I don’t mean to suggest that it’s the antagonism and alienation of the viewer that the artist takes from the piece; that literally “gets him off.” To say that would be to ignore the intensely private practice that collecting and archiving can become. As “practical memory,” the collection is a kind of archive of individual action and assertion. In this way, Room is elevated from the abstract history of a bedroom into a work probing the struggle of processing individual experience within the pre-structured systems of meaning-making that govern involvement and communication. To create a collection is to tear objects from their narratives, to forcibly construct alternative possibilities and encounters, to recognize and acknowledge the unique character of each moment of wakening, or quick conversation, or statuette. By not using an object one is freeing it from its use value, its exchange value, and its identity as a commodity. New meanings and value are invented through its identity as a member of a collection.  In this context, Benjamin describes the collector as an “allegorist,” deepening the understanding and possibilities of objects through writing new connections. Given these sort of progressive and self-asserting acts, the uneasiness of collecting relationships and encounters as if they were objects can be assuaged. After all, is it not the reduction to an exchange value and simplified, restrictive stereotypes that make objectification of experience so detrimental? In Room, too, many of the collected encounters, such as in series for Come Spend the Night with Me, produce objects from a collaboration of meaning making. The form these objects take, like the relationships created between the artist and the participant, are indebted to the unique way in which the two people work with and against each other. Even the room itself takes on different identities according the to the nature of the encounter—a stage as well as a storage place, a diorama and an enclosure, an installation and an environment. 

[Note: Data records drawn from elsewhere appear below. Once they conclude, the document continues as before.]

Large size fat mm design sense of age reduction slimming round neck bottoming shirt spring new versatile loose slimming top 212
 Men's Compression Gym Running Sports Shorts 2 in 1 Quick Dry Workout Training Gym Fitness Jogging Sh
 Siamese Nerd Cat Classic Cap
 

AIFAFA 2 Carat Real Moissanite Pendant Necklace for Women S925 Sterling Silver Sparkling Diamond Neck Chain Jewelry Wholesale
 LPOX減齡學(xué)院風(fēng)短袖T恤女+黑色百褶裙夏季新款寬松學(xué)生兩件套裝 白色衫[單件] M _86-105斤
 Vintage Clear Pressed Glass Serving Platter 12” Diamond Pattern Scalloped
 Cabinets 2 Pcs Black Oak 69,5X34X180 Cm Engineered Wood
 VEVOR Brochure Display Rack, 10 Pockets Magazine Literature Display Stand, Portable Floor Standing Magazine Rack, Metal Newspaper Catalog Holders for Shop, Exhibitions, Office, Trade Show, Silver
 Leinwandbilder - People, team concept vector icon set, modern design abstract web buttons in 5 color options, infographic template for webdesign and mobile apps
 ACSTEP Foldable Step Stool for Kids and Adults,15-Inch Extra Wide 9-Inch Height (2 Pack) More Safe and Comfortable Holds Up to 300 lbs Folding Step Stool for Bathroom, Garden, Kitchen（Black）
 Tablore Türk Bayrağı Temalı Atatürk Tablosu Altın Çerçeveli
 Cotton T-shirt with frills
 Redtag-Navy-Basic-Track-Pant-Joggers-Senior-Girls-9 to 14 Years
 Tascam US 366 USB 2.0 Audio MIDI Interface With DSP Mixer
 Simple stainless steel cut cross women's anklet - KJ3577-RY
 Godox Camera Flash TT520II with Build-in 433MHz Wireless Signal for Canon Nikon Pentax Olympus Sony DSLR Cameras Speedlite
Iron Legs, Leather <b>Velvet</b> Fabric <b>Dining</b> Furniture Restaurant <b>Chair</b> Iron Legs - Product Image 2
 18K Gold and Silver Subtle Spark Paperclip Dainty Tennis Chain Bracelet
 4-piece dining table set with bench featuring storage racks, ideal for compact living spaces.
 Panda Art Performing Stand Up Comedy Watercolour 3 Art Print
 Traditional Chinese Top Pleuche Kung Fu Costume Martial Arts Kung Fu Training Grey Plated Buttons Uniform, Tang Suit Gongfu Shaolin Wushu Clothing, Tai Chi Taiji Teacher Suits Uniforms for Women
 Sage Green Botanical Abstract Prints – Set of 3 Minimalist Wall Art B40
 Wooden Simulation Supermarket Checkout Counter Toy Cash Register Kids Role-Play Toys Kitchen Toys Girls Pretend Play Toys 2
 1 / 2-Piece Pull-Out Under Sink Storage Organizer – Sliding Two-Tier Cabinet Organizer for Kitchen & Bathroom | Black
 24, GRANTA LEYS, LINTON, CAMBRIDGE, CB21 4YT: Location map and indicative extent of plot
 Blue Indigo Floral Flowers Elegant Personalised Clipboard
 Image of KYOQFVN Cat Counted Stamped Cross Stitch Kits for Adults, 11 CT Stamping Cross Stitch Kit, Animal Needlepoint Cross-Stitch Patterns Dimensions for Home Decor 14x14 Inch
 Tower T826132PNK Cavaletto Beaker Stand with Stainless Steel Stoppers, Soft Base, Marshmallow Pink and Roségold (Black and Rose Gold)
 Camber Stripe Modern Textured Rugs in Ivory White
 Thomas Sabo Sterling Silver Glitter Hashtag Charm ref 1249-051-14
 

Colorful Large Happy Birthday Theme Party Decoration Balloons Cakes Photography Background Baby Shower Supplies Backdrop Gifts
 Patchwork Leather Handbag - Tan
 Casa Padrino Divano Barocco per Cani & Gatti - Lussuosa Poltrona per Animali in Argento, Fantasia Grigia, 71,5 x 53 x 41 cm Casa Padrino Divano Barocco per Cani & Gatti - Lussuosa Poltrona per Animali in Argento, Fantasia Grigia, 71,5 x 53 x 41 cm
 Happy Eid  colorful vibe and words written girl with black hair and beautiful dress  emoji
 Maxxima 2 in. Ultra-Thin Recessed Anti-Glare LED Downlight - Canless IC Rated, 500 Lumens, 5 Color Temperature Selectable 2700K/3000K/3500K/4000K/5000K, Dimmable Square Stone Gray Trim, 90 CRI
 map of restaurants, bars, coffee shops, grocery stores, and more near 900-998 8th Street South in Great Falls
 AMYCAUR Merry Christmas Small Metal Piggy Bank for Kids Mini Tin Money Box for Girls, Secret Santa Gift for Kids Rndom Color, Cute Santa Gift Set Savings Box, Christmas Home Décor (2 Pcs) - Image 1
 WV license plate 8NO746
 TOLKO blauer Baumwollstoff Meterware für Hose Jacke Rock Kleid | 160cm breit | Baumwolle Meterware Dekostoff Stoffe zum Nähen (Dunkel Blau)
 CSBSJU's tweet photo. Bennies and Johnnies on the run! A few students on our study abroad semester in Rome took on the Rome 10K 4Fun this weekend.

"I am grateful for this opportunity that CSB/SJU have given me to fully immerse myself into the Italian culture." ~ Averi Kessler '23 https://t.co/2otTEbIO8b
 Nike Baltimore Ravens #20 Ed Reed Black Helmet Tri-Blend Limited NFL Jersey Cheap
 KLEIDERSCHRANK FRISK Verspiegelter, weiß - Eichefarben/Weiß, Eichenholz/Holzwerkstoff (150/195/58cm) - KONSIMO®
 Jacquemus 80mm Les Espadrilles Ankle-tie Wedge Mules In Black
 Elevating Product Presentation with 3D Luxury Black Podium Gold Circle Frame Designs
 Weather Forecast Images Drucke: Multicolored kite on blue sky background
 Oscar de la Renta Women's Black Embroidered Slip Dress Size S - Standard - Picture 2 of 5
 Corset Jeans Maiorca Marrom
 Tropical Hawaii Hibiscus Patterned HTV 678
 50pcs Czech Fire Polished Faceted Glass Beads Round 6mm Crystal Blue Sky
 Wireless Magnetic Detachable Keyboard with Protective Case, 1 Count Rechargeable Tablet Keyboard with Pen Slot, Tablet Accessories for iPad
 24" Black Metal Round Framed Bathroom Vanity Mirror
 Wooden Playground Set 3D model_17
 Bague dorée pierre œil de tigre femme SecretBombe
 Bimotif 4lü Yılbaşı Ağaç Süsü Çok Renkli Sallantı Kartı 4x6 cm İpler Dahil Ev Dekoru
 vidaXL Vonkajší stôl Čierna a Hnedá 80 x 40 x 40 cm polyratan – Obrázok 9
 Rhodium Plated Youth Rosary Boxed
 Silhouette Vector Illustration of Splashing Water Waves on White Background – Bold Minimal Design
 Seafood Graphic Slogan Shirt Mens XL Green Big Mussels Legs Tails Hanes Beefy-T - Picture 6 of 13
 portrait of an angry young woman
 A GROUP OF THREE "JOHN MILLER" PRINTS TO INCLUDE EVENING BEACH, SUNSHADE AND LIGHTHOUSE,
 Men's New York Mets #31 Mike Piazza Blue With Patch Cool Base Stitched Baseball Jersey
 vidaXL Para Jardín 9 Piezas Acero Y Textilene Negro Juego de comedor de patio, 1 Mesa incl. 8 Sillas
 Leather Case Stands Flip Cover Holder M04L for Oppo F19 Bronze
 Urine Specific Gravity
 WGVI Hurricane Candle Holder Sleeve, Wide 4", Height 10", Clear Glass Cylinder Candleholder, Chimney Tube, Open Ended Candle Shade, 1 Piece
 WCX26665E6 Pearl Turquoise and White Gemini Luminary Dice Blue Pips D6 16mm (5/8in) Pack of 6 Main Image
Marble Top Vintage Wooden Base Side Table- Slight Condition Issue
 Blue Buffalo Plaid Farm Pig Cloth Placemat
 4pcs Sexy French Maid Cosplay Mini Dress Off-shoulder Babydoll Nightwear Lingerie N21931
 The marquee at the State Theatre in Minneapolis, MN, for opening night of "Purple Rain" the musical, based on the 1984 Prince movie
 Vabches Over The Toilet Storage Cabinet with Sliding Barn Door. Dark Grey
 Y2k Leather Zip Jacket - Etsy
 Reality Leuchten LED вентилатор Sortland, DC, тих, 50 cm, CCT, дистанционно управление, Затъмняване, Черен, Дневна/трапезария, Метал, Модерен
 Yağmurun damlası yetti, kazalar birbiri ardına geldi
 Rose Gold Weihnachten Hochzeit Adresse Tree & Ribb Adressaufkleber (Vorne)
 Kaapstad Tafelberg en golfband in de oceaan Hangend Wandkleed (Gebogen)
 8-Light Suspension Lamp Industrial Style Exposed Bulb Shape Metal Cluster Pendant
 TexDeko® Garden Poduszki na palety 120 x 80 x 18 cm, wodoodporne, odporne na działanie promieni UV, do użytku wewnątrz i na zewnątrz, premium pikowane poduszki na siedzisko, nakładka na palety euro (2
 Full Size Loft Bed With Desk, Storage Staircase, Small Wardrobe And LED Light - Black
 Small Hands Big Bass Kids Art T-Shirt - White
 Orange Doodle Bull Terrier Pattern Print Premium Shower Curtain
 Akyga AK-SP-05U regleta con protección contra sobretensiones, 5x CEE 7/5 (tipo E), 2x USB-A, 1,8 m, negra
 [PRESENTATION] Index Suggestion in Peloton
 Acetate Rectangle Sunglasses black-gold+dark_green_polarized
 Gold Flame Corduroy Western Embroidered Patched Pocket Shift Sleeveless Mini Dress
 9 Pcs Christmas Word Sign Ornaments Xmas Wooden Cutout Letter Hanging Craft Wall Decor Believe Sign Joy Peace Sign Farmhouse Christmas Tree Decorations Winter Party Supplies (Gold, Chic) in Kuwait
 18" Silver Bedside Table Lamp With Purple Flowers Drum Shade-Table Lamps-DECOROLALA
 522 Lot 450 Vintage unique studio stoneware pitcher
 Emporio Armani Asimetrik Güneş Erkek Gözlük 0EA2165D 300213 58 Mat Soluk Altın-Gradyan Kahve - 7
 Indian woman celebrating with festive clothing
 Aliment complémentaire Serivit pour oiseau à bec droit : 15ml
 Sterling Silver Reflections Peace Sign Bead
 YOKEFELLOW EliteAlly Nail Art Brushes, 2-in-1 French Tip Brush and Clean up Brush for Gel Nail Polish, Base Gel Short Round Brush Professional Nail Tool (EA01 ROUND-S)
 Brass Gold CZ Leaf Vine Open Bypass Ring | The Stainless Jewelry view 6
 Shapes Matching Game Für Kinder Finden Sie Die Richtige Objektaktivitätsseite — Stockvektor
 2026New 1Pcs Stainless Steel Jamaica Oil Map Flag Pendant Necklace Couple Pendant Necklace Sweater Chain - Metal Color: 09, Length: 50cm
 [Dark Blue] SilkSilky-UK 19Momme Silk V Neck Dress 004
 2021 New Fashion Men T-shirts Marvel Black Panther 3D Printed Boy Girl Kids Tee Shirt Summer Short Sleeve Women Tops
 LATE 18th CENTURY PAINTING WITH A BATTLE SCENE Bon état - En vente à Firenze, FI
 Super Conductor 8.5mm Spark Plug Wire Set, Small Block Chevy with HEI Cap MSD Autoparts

In an article on Museology and Collecting, historian Donald Preziosi comments on the tendency (in histories of the museum) to conflate the practices of museums and collectors. This functions, he argues, to trace the lineage of museums to a harmless, idiosyncratic hobby of the renaissance aristocracy as a way to mask the political motives for the development of museums. If museums could be seen as a way of asserting and educating the public to a certain ideology, why can’t collecting have a similar power, if on an individual scale? When Milner invites the audience to both observe and participate in the creation of collections in room, he initiates a dialogue which places  the power to create and assign meaning into the hands of the individual. This experience differs from the museum in important ways—it exposes the ability of collecting to change the significance of an object, forefronting the subjective force that shapes narrative and meaning within a collection. Further, it facilitates the creation of collective meaning through collaboration between the visitor/viewer and artist. As a result, room becomes an exercise in the creation of relationships both through and with objects, and leaving the space, the viewer has a heightened awareness of their own powers to assert meaning through the objects, encounters, and relationships that constitute experience.